The issue in this slip and fall case is who was responsible for making sure a sidewalk was clear of hazards by properly clearing snow.
Plaintiff Garcia, who was 50-years old at the time of the accident, was seriously injured after stepping off a NYCTA bus in the early afternoon of February 9, 2004. After stepping off the bus and taking a few steps, she slipped on the ice at the bus stop and suffered a fracture that required surgery and pinning. In addition, she suffered multiple disc herniations. The bus stop was located directly in between abutting premises at 1871 and 1873 Amsterdam Avenue. The owner of 1871 Amsterdam Avenue is defendant Moy Realty, and the owner of 1873 Amsterdam Avenue is defendant Amsterdam Realty. The accident occurred after the implementation of the new sidewalk law, Administrative Code of the City of New York (NYCAC) § 7-210, which now places the burden on the abutting landowner to maintain the sidewalk in a safe condition from the building to the street curb.
Based on the serious injuries she suffered from slipping and falling on the ice, Plaintiff Garcia filed a personal injury lawsuit and named several defendants: Moy Realty, Amsterdam Realty, the City of New York, the New York City Transit Authority (NYCTA), and Manhattan and Bronx Surface Transit Operation Authority (MABSTOA). The defendants filed motions for summary judgment dismissing the claim.
The basis for New York City’s motion for summary judgment dismissal is that because of New York’s new sidewalk law, the abutting landowners became responsible for the removal of snow and ice. Thus, New York City was not responsible for clearing the ice and snow, defendant’s Moy Realty and Amsterdam Realty are responsible.

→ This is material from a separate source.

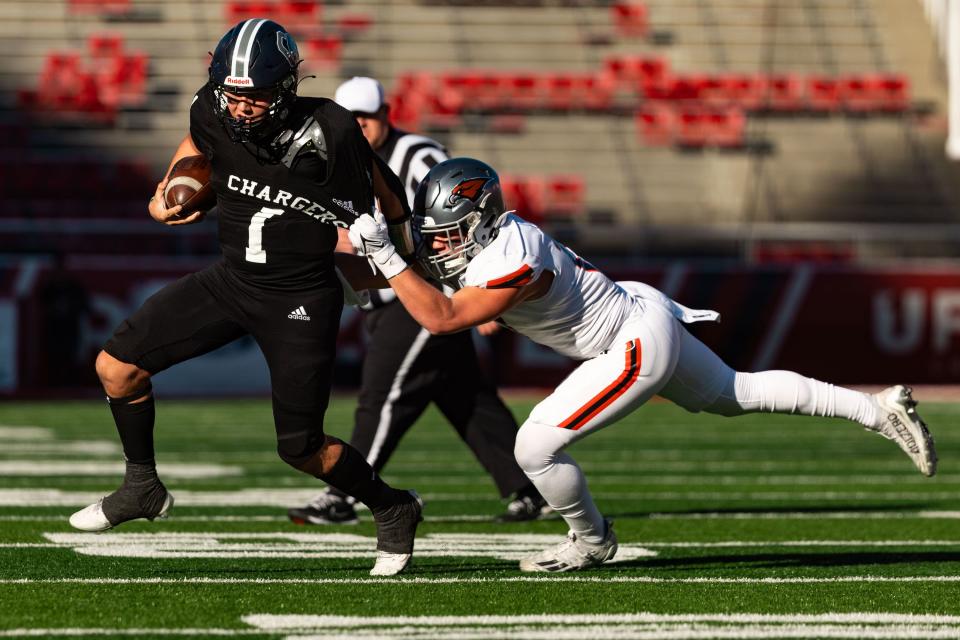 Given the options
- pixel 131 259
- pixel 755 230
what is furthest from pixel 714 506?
pixel 755 230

Moy Realty and Amsterdam Realty agree that they are responsible for maintaining the sidewalk in front of their property, they both argue that it is not their responsibility to maintain bus stops. They contend that maintenance of bus stops was the duty of the Department of Sanitation prior to the new sidewalk law and that it maintains the duty of the Department of Sanitation.

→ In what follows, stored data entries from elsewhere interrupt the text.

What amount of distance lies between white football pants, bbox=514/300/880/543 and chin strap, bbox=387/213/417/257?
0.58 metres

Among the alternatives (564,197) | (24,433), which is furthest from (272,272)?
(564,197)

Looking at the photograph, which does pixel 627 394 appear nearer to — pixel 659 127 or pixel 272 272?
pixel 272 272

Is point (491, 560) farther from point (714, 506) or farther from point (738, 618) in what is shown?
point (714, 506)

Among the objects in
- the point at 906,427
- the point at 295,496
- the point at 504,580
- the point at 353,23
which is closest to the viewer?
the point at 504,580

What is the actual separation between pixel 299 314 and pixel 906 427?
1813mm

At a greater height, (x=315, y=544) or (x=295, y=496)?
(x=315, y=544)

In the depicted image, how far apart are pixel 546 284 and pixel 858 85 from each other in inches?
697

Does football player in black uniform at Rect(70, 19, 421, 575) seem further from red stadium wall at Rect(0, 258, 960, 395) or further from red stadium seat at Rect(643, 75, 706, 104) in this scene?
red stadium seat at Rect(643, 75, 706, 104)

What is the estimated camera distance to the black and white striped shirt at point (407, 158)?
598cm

The legislative history of the new sidewalk law is silent on whether the legislature contemplated passing responsibility of maintaining bus stops and bus shelters to owners of abutting property. The court used precedent related to city-owned tree wells which have presented analogous issues. The New York Court of Appeals considered the issues in Vucetovic v. Epsom Downs, Inc., 2008 WL 22423808. The court held that “NYCAC § 7-210 does not impose civil liability on property owners for injuries that occur in ‘City owned’ tree wells because tree wells are not specifically mentioned in NYCAC § 7-210.” Similarly, NYCAC § 7-210 does not specifically state that abutting landowners are responsible for the maintenance of bus stops and bus shelters on sidewalks. Thus, the court concluded that abutting landowners do not have the responsibility for clearing ice and snow at bus stops or bus shelters.
However, there is another issue. In this case, someone did do some clearing of the ice and snow. There was an area of about 3 feet that was cleared. Arguably, the work that was done to try to clear the ice and snow may have actually made the condition even more hazardous. Because it is unclear as to whether it was the City or one of the abutting property owners who did some clearing of the ice and snow, there remains a triable issue of fact. Thus, the court denied the motions for summary judgment filed by the City of New York, Moy Realty, and Amsterdam Realty.

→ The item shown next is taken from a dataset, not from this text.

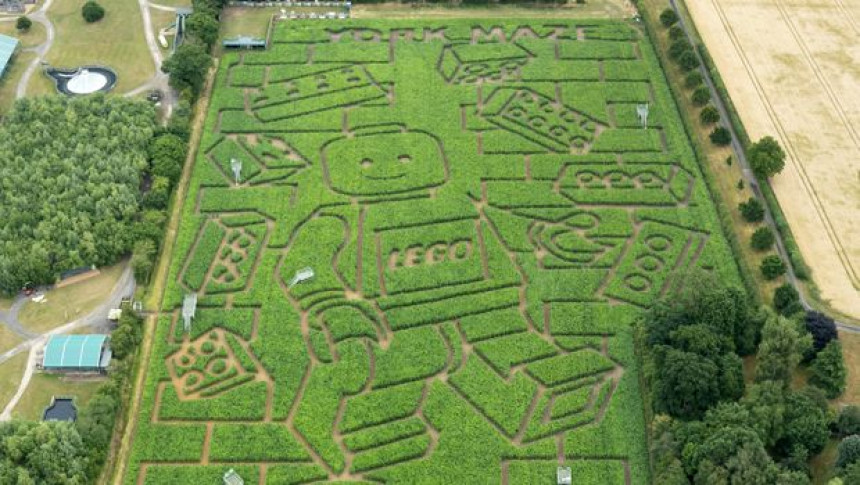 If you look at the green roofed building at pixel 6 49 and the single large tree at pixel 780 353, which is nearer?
the single large tree at pixel 780 353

In support of their motions for summary judgment dismissal of the claims against them, MABSTOA and NYCTA argued that they are not agencies of or entities synonymous with the City of New York. Thus, they do not have a duty to maintain the bus stop or the area surrounding the bus stop. They argue that because the bus dropped Garcia off at the designated bus stop and because there was no hazard directly where she was dropped off, once Garcia stepped off the bus, their duty ceased. In support of their position, defendants MABSTOA and NYCTA point out that the plaintiff’s husband safely exited ahead of her at the exact same spot where plaintiff disembarked. The court agreed and granted the motions for summary judgement dismissal filed by MABSTOA and NYCTA.